I'm going to be away for a day or so, but I've advertised in the NBA General Forum so those two spots should fill up. I'll get the order done and we should be able to start by Saturday.


----------



## vi3t_boi11 (Aug 14, 2004)

I'll take the Charlotte Bobcats


----------



## bossman09 (Aug 24, 2006)

Ill take the Bucks


----------



## tobybennett (Jun 12, 2003)

give me Boston if i can still come in. Thanks


----------



## Kidd's Nets (Jun 10, 2006)

i take bucks again.


----------



## crazyfan (Dec 9, 2005)

haha i'll have to take the Bobcats then.


----------



## ravor44 (Feb 26, 2005)

hmmm...5 posters vying for vacant spots...so who will you choose?


----------



## crazyfan (Dec 9, 2005)

Oh. Its alright then. First come first serves so i'll back out.


----------



## jericho (Jul 12, 2002)

Is this ready to roll, then? What's the draft order?


----------



## AirJordan™ (Nov 21, 2005)

jericho said:


> Is this ready to roll, then? What's the draft order?

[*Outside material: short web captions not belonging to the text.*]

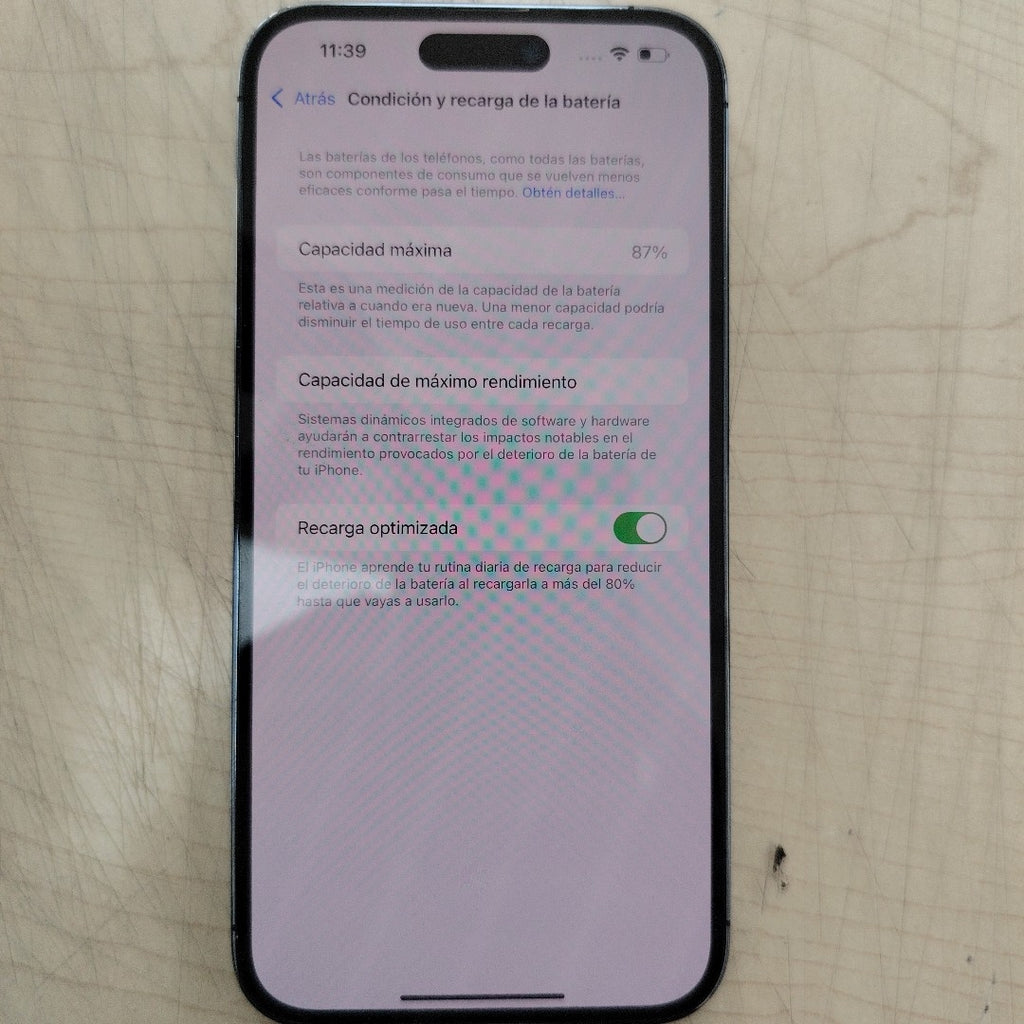 CELULAR APPLE IPHONE 14 PRO MAX A2893 128 GB 6 GB RAM (SEMINUEVO)
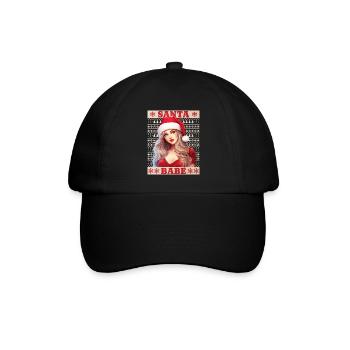 Sexy Weihnachtsfrau Weihnachten Ugly Christmas - Baseballkappe - Schwarz/Schwarz - Vorne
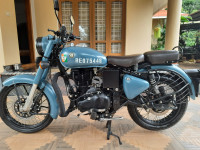 Air Bone Blue Royal Enfield Classic Signals Airborne Blue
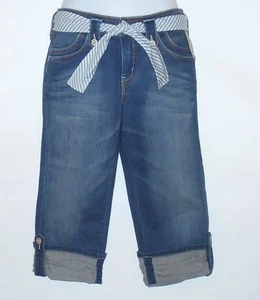 Limited Too Girls Simply Low Denim Capri Pants + Sash Blue Seven (7) NWT - Picture 1 of 1
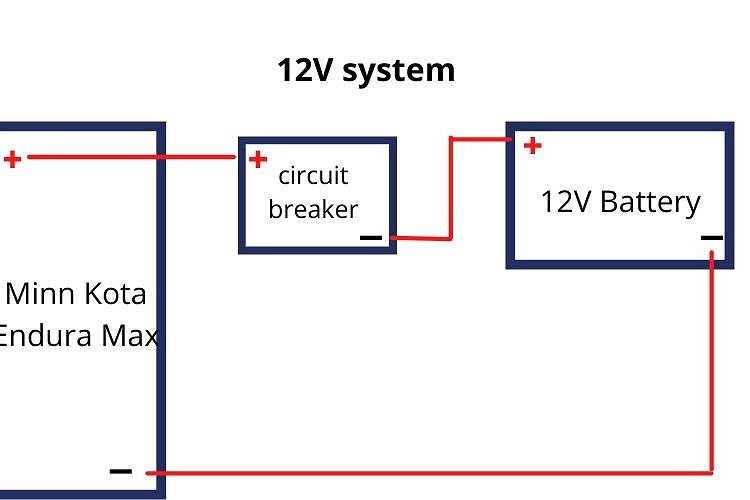 12-volt wiring diagram for Minn Kota Endura Max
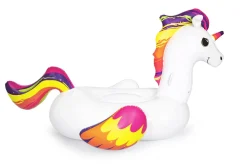 Online Cavalcabile Fashion Unicorno Luxury , Cm 224 164, Con Maniglie Gonfiabili Per Bambini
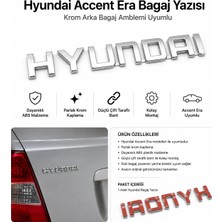 Artek Hyundai Accent Era Bagaj Yazısı Krom Arka Bagaj Amblemi Uyumlu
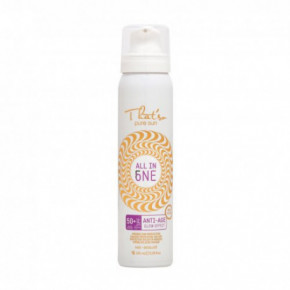 That'so All in One SPF50+ Anti-Age Mousse Apsauga nuo saulės veidui 100ml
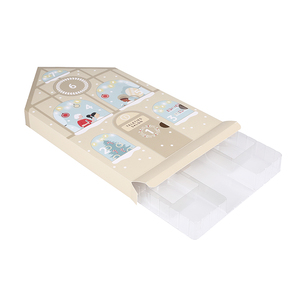 Nouvelle boîte en papier pour <span class=keywords><strong>calendrier</strong></span> <span class=keywords><strong>de</strong></span> <span class=keywords><strong>l</strong></span>'<span class=keywords><strong>avent</strong></span> à 12 jours, économique, avec plateau en plastique, boîte d'emballage en papier pour jouets d'enfants - Product Image 4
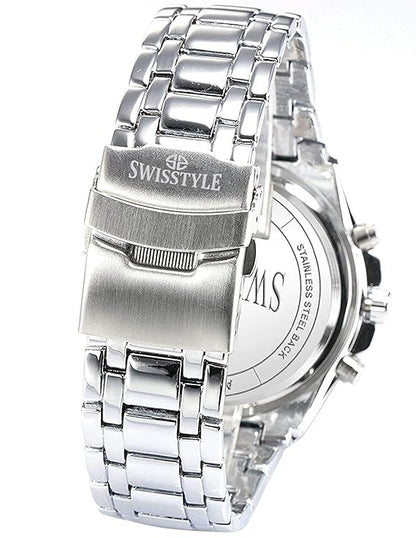 SWISSTYLE Two Tone Chrono Look Analog Stainless Steel Watch-SS-GR6612 For Men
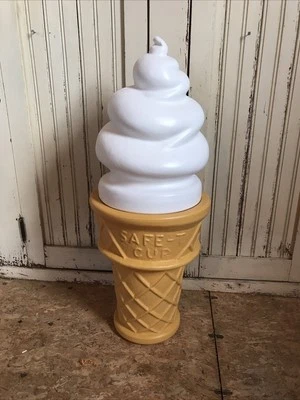 Форма для выдувания гигантская пластиковая конусообразная для мороженого дисплей ванильная безопасная T без подсветки - Изображение 1 из 4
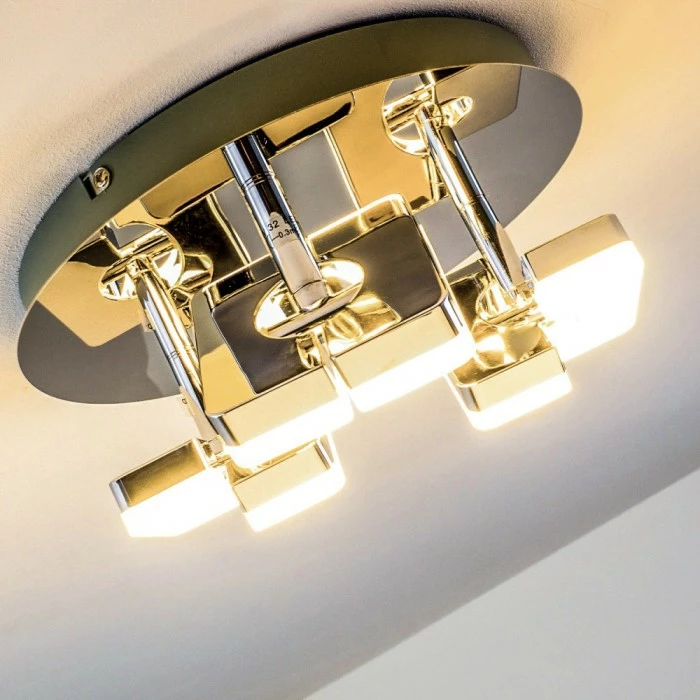 Hofstein Turin Deckenspot LED Chrom, 3-flammig 17 Hofstein Turin Deckenspot LED Chrom, 3-flammig – Bild 17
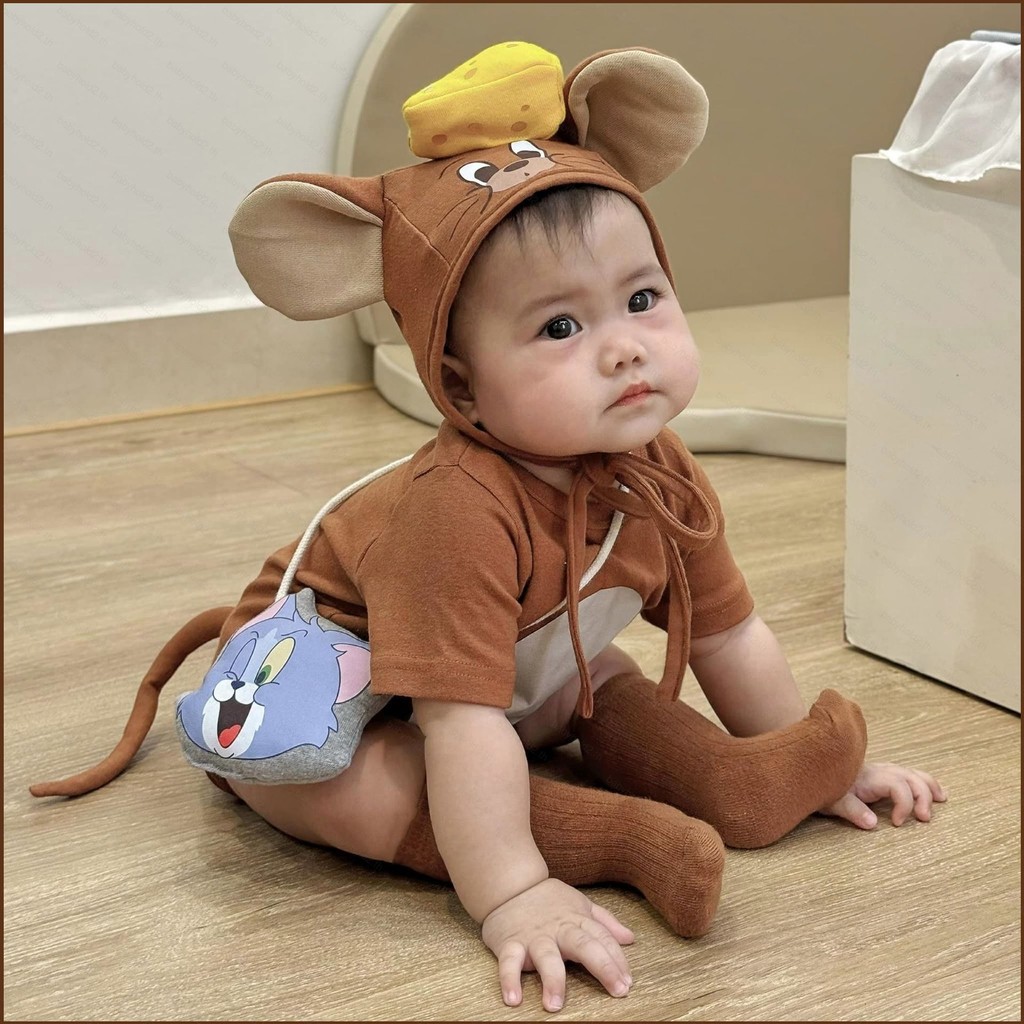 ชุดแต่งเติมลุคเด็ก สำหรับวันเกิดและ  ทำจากผ้าฝ้ายนุ่มนวล พร้อมหาง HB2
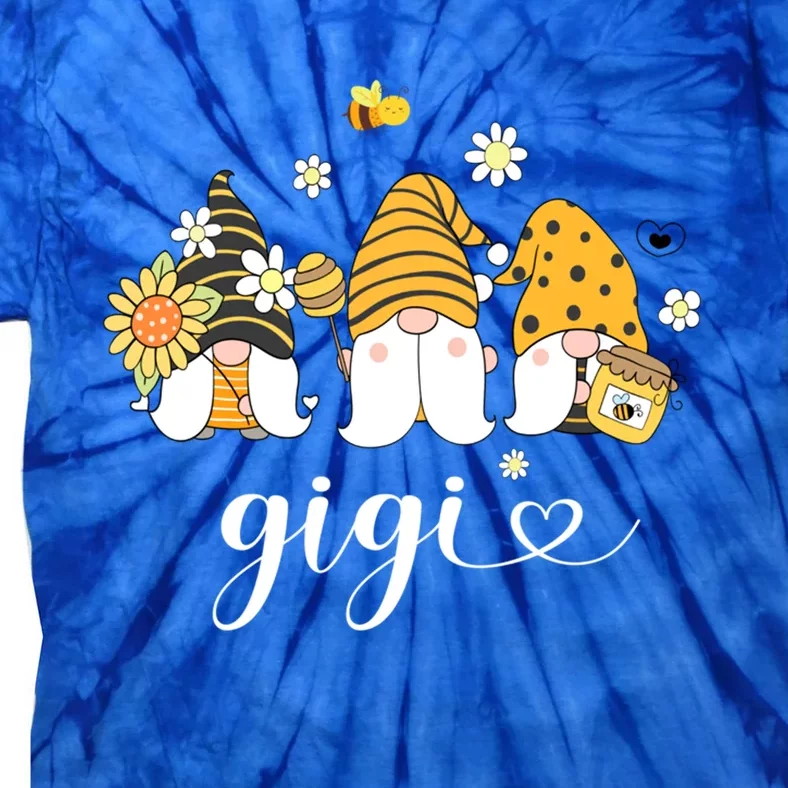 Cute Gigi Gnomes With Bees And Sunflower Country Style Gift Tie-Dye T-Shirt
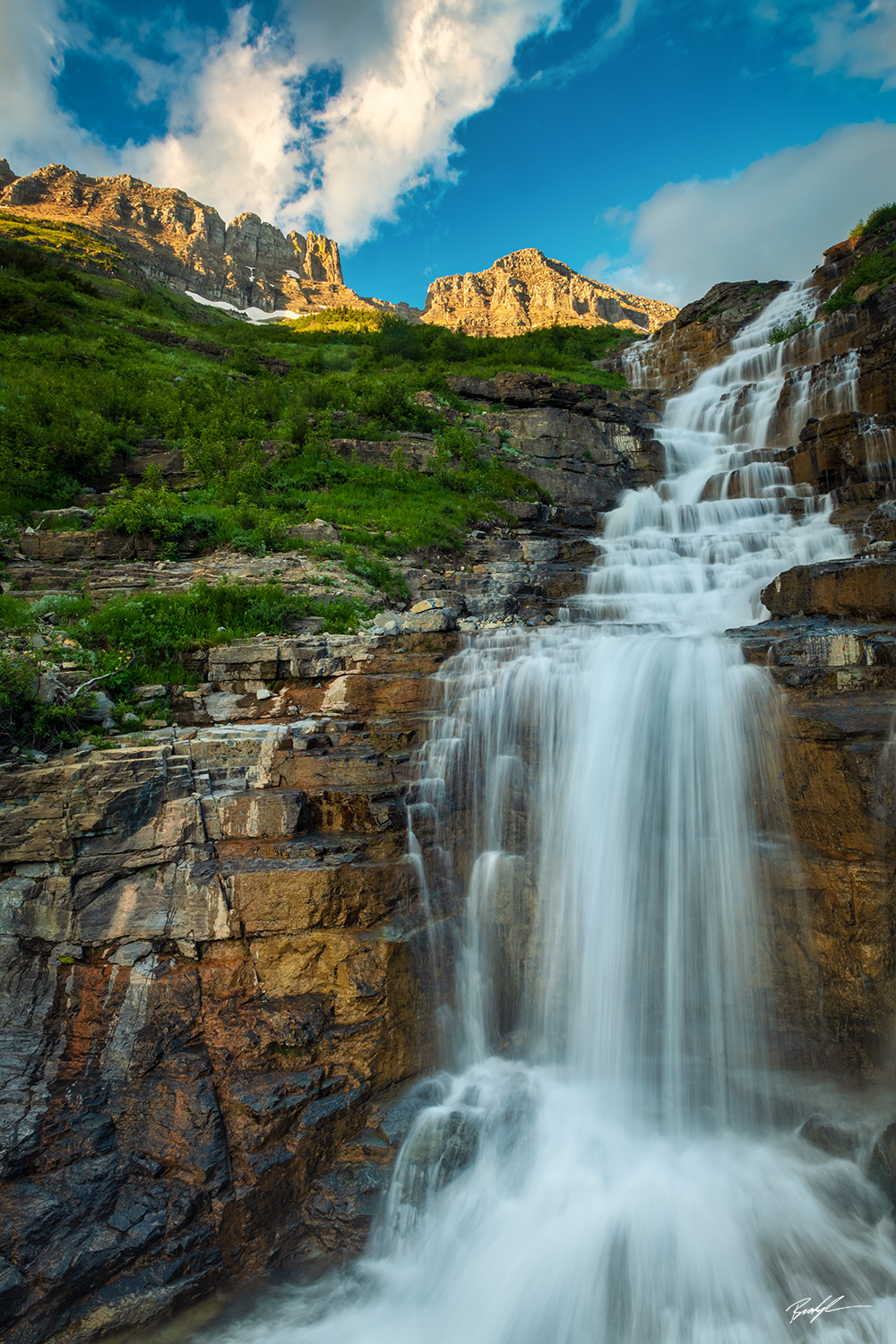 Haystack Falls Glacier National Park Montana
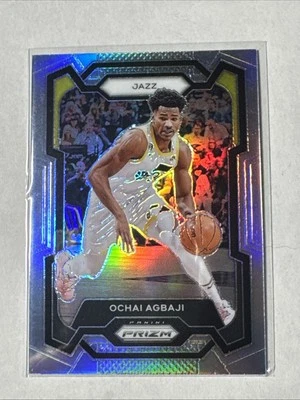 Ochai Agbaji 2023-24 Panini Prizm Silver Utah Jazz #92 - Image 1 of 4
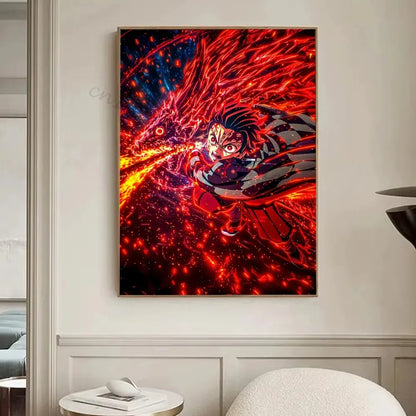 [미니소] 클래식 귀멸의 칼날 캔버스 포스터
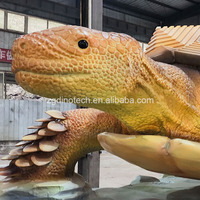 Modèle interactif d'animal animatronique de la légende chinoise ou tortue mythique robotique pour parc aquatique comme attraction de divertissement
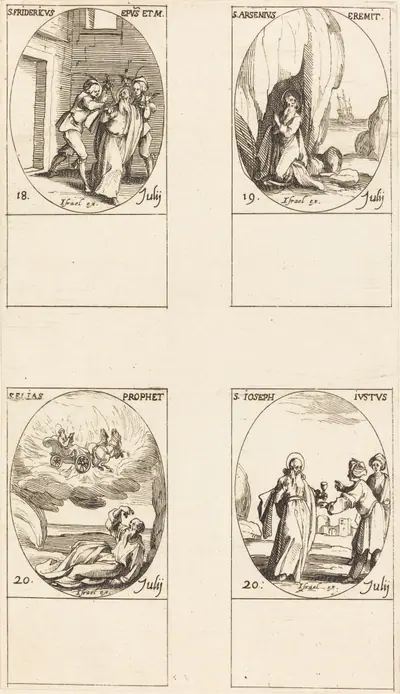 St. Frederick; St. Arsenius, Hermit; St. Elias, Prophet; St. Joseph the Just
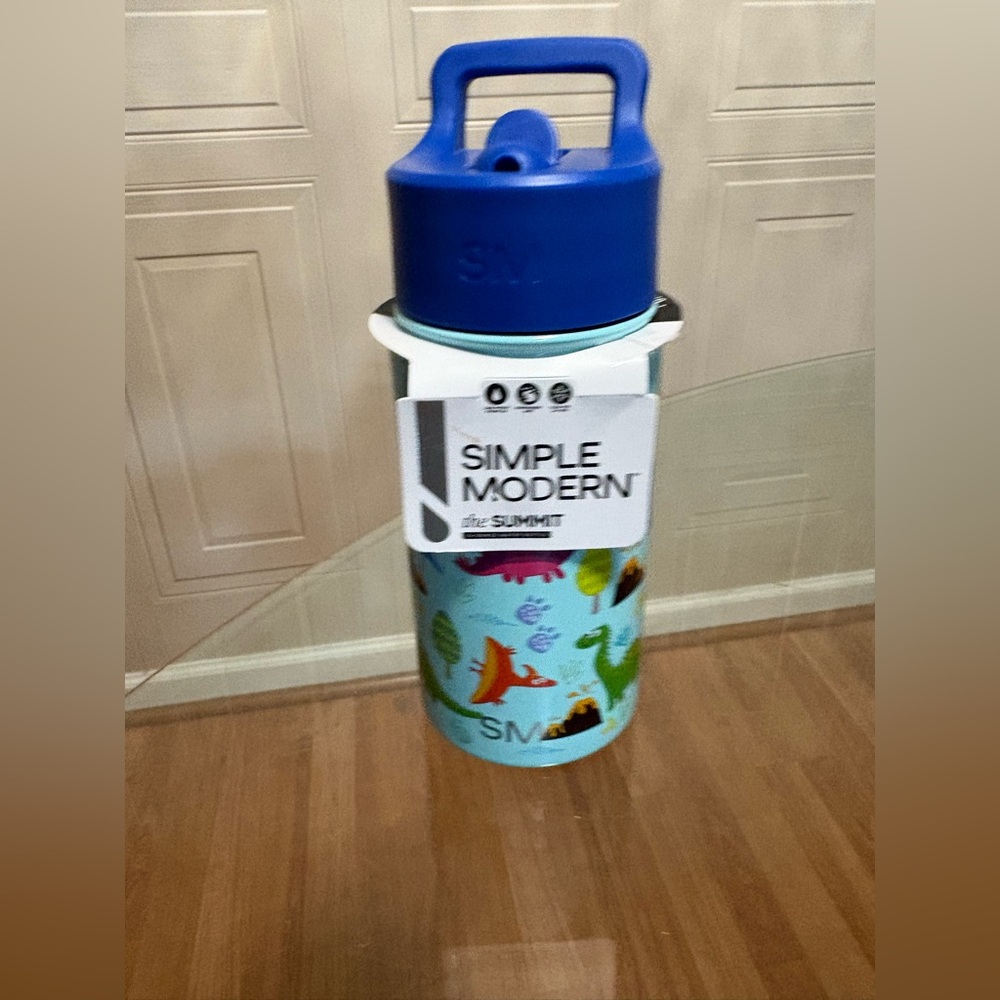 Simple Modern 14oz Kids Water Bottle - Insulated Tumbler w/ Straw Lid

'I'm going to be away for a day or so, but I've advertised in the NBA General Forum so those two spots should fill up. *I'll get the order done and we should be able to start by Saturday.*' - 123fakestreet


----------



## 123fakestreet (Nov 27, 2005)

Forget Saturday, we'll get this rolling by Friday at 12 PM EST. I'll make a general discussion thread, a trade thread and a selection thread with the draft order. Sorry to tonybennet, crazyfan and jasonskills because you were late on choosing teams. If a team needs to be replaced, you'll be the first to be informed (in order).


----------